# Task to complete:
Output every entry below exactly, without its pictures.

# Material provided:
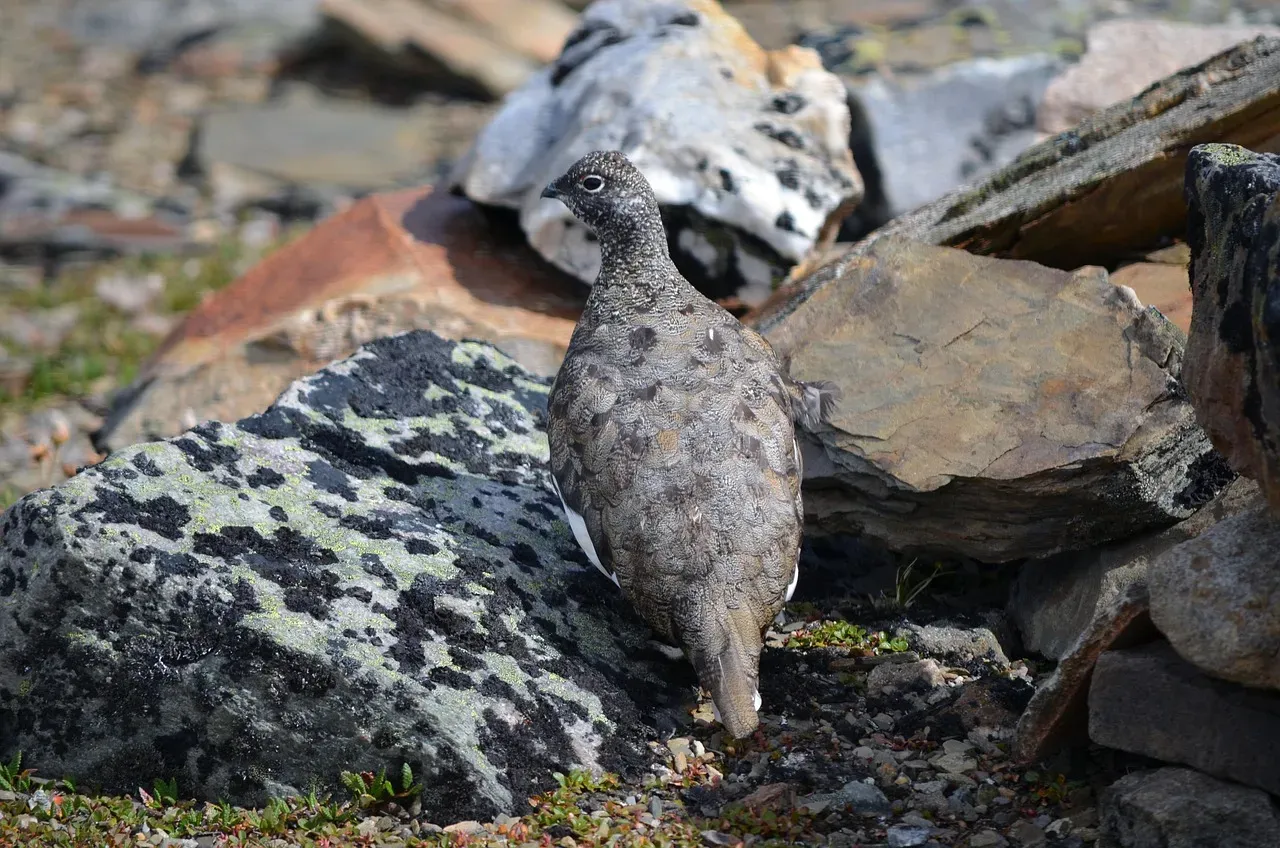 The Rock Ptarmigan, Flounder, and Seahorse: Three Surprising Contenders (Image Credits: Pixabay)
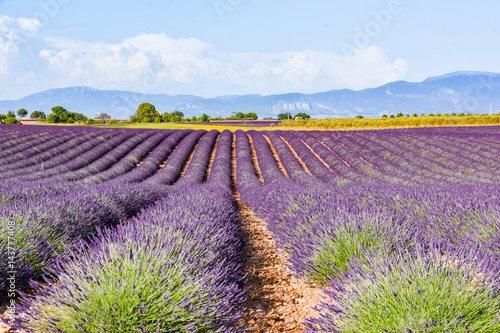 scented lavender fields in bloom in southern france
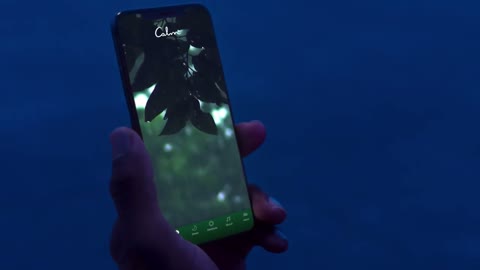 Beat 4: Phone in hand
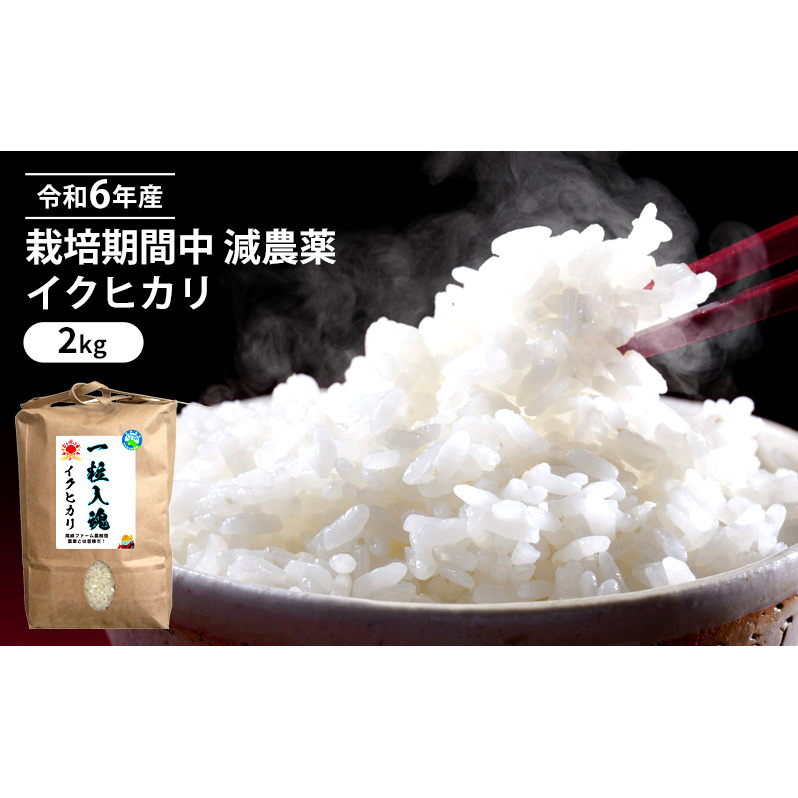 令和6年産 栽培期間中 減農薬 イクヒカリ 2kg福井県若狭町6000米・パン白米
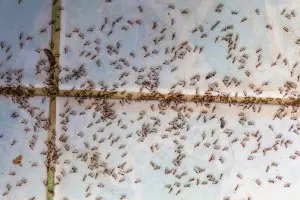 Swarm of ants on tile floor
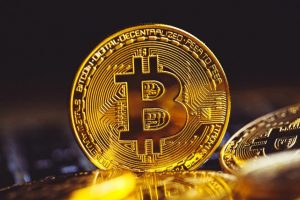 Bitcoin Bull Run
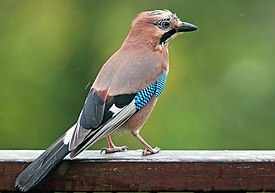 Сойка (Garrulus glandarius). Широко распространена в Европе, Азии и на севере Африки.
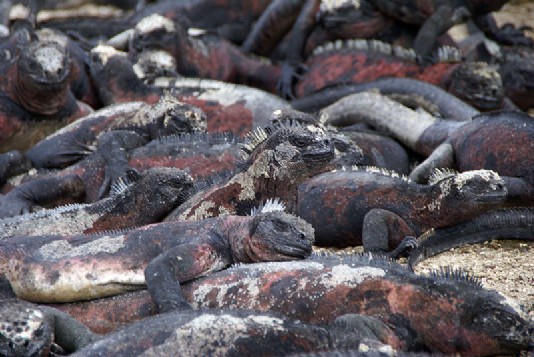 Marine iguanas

# Task response:
 The Rock Ptarmigan, Flounder, and Seahorse: Three Surprising Contenders (Image Credits: Pixabay)
 scented lavender fields in bloom in southern france
 Beat 4: Phone in hand
 令和6年産 栽培期間中 減農薬 イクヒカリ 2kg福井県若狭町6000米・パン白米
 Swarm of ants on tile floor
 Bitcoin Bull Run
 Сойка (Garrulus glandarius). Широко распространена в Европе, Азии и на севере Африки.
 Marine iguanas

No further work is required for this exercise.